III: Multi-GPU and distributed training

IV: Exporting a model with TensorFlow-serving

How to install a graphics card

This post introduces how to install a graphics card and related resources.

Notes: When installing or removing a graphics card, handle it only by its edges, not by its connectors or components.

Before starting with graphics card installation, check out the following two things.

Step 1: make sure your computer has the proper hardware to support your new card.

The most common problem that people run into is an inadequate power supply:

  • Either it can’t supply enough wattage,
  • or it doesn’t have enough available PCI-E power connectors.

As a rule of thumb, your power supply should be rated from double the power consumption of your graphics card. For example if you purchased a R9 290X—a video card that draws 300 watts—you should have a power supply that can provide at least 600 watts of power and has both 8-pin and 6-pin PCI-E power connectors.

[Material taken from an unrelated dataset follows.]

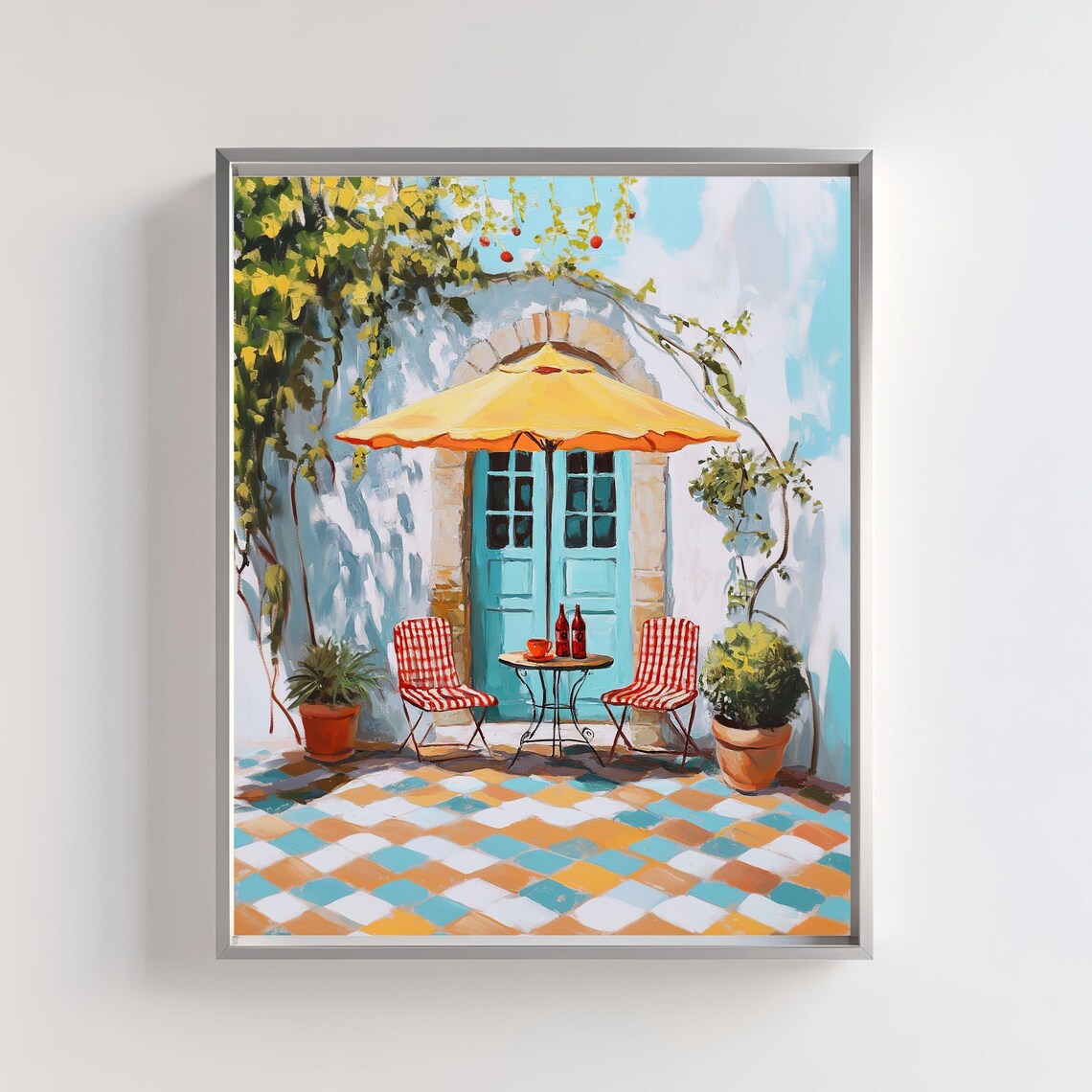 Mediterranean Retro Kitchen, Matisse Bistro Art Print - Image 5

To find out how much wattage your power supply pumps out, open your case and look for the standard identification sticker all power supplies have, which lists their basic info. While you’re there you can also identify how many 6-pin and 8-pin PCI-E connectors are available.

Picking the right power supply is even more important if you’re upgrading to a multi-card configuration, because you’ll likely need to buy a power supply rated for one or more kilowatts. For more on multi-GPU SLI and CrossFireX setups, check out PCWorld’s guide to tricking out your PC with multiple graphics cards.

Step 2: is there enough room inside of your case to fit your new graphics card? 

Some high-end graphics card can be over a foot long, and two or even three expansion slots wide. You can find the physical dimensions for a graphics on its product page or on the manufacturer’s website.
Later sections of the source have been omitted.